AT&T and Time Warner are currently in court with the Department of Justice, over AT&T’s attempt to purchase Time Warner for $85.4 billion. The Justice Department is looking to block the merger, but AT&T and Time Warner are doing everything it can to make sure it goes through. However, the Justice Department has just brought forth a memo that shows that the merger would allow AT&T’s Pay TV service to become a “cash cow” after being in a steady decline for the past few years.
The memo said that the merger would “ensure stability” in its pay TV business. And oddly enough the DOJ is suing to block the acquisition for exactly that reason. The fact that a merged company would be able tor raise prices for pay TV rivals. Time Warner owns a number of networks, which would then be under AT&T’s ownership if this merger goes through. That includes TNT, TBS, HBO, CNN and a number of others. AT&T could, in theory, charge competitors more to license these channels, and thus force competitors to charge their customers more. That would lead to AT&T having the cheaper prices, and potentially gaining more customers. And that’s where the antitrust aspect of this case comes into play.

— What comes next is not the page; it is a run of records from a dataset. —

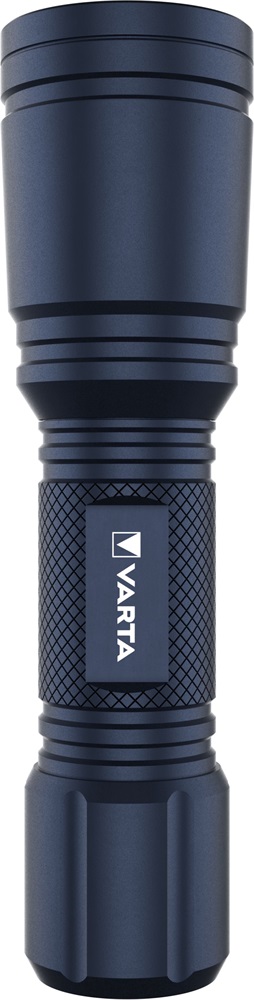 Varta 15670101111 F10 1xAA elemlámpa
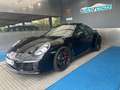 Porsche 991 Carrera 2 GTS Coupé PDK Negro - thumbnail 4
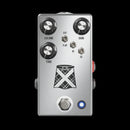 JHS Pedals Kilt 10 - 10 Year Anniversary Edition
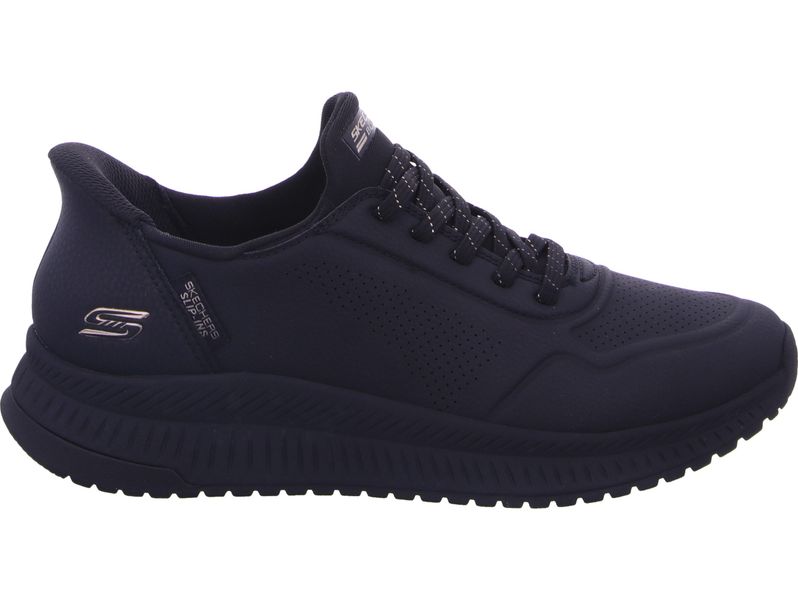 Skechers Bobs Squad 4 - KEY günstig online kaufen
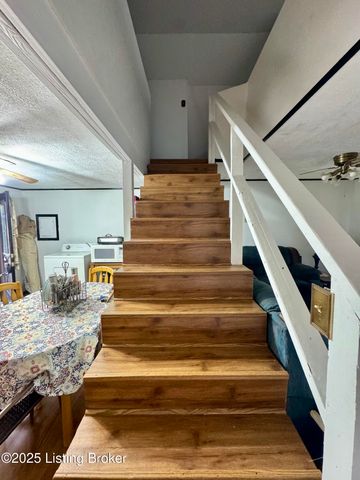 1074 Lake Of The Woods Loop, Hardinsburg, KY 40143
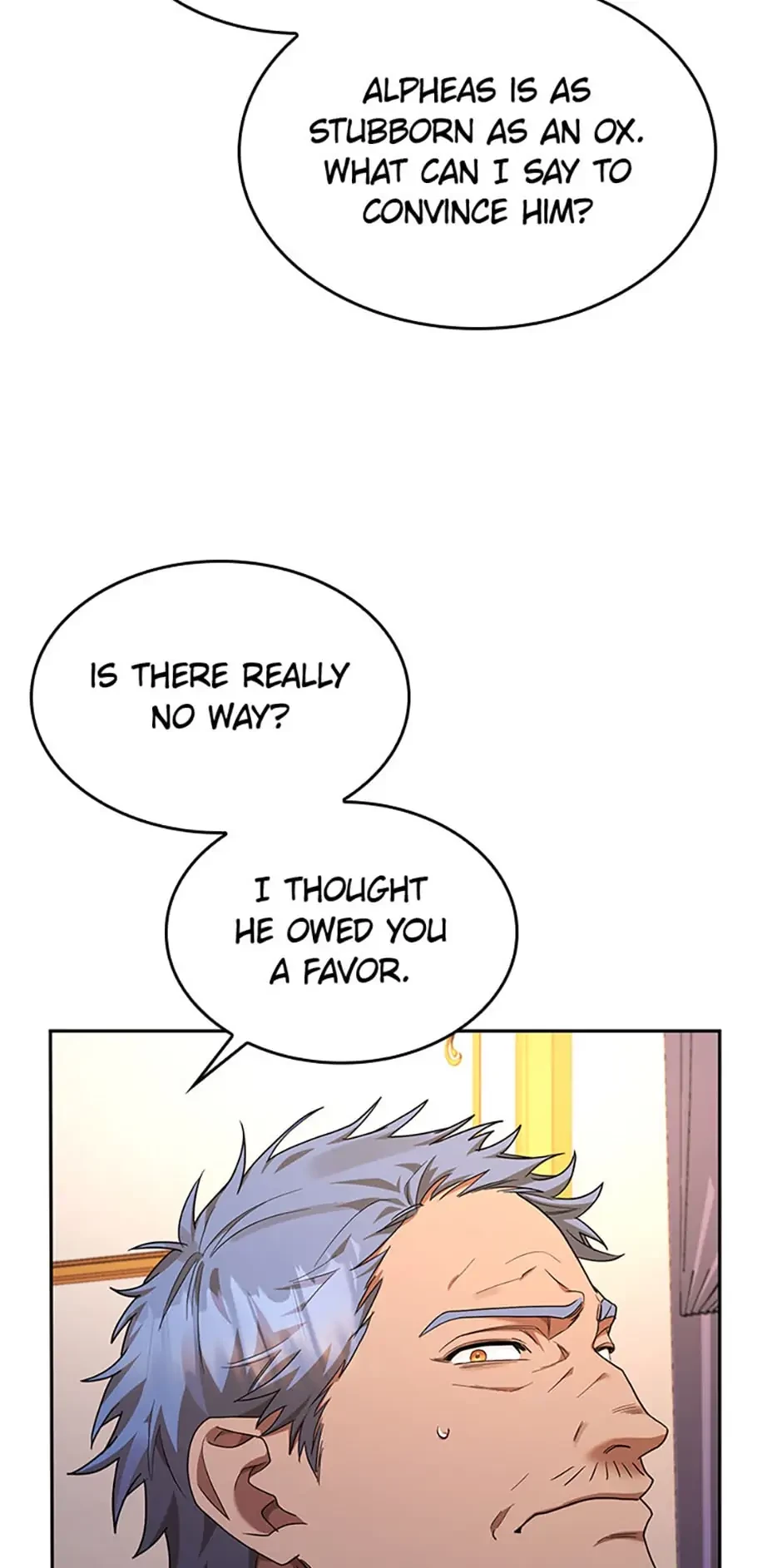 The Infinite Mage Chapter 15 - 38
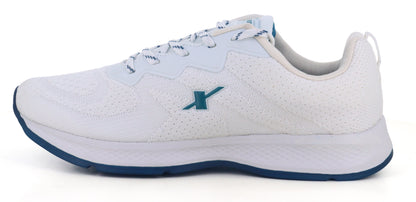 Athleisure Shoes for Men SM 865
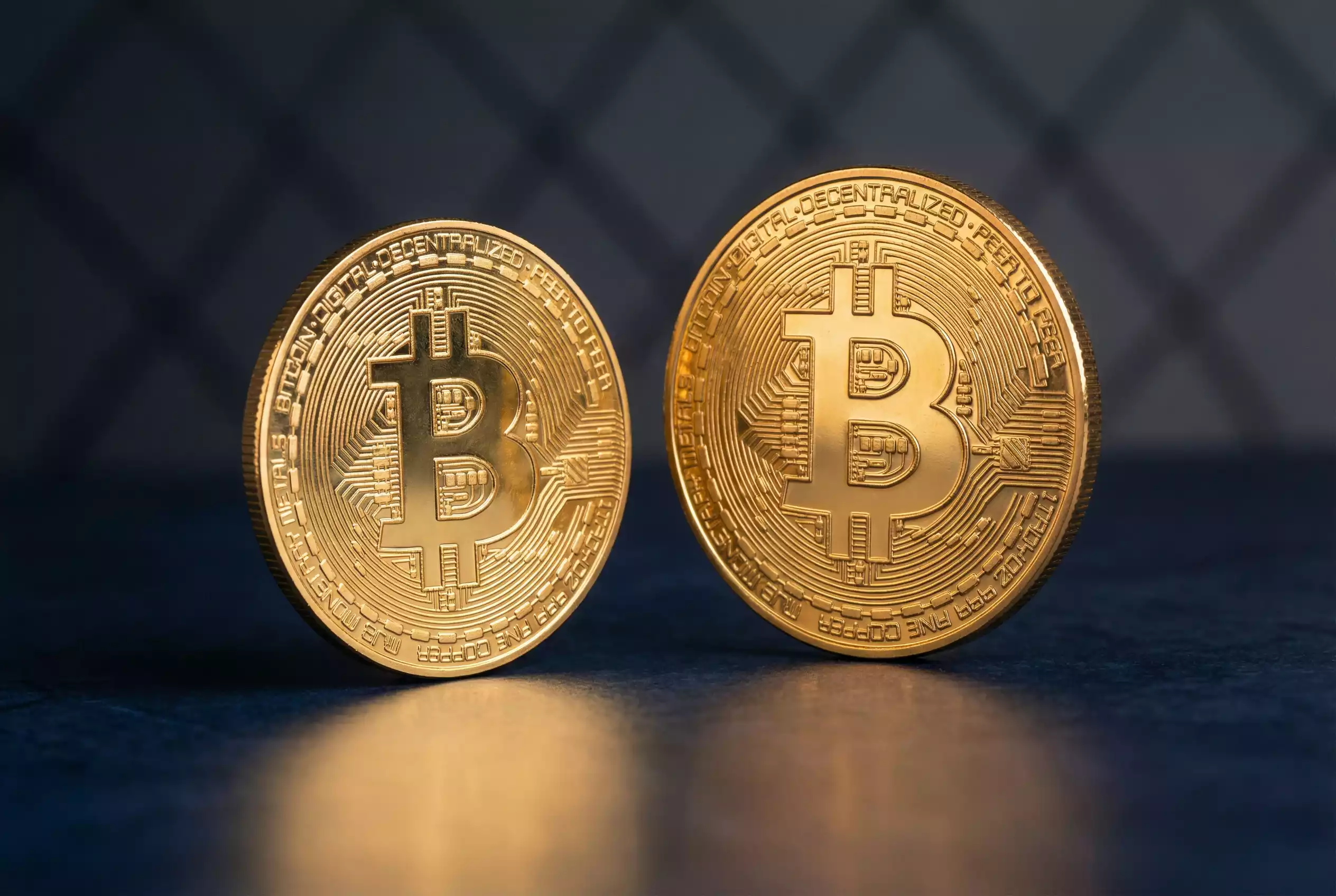Bitcoin betting i Norge — komplett guide til krypto-sportsbetting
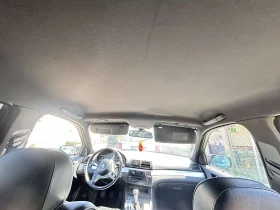 BMW 330 - 2500 € / 4889.57 лв. - 31214449 8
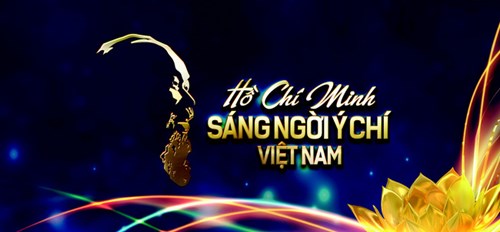 Liên đội THCS Dương Xá - với tuyên truyền kỷ niệm 130 năm ngày sinh Chủ tịch Hồ Chí Minh kính yêu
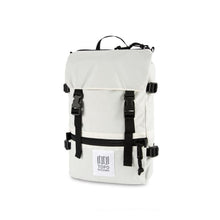 將圖片載入圖庫檢視器 TOPO Desgins ROVER PACK MINI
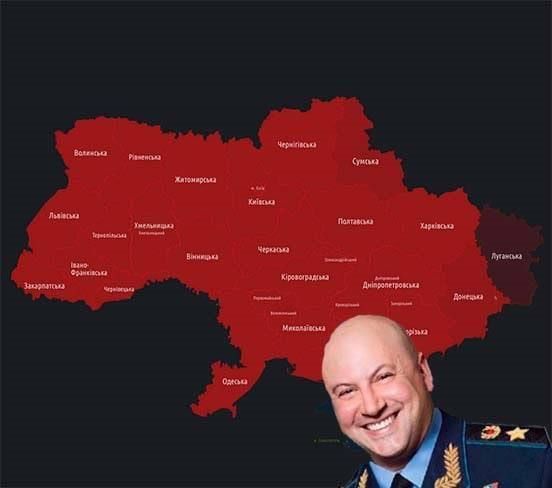 ��������� ������� ��������� �� ���� ���������� �������, �������� ������� �������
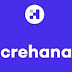 Curso Crie Imagem de Uma Campanha Digital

The trial has been going on for a couple of weeks already, having started in mid-March. Many expect the trial to end this month, however the end is not certain right now. Many believed before the trial even started, that Justice Department would force AT&T and Time Warner to spin off some of the networks it has, like HBO and CNN, to make the merger a bit more vertical. However, it’s not clear if that’ll be enough for the merger to be approved. For what it’s worth, when the merger was announced in October 2016, both Presidential candidates, Hilary Clinton and Donald Trump had vowed to stop the merger, and that’s exactly what’s happening right now.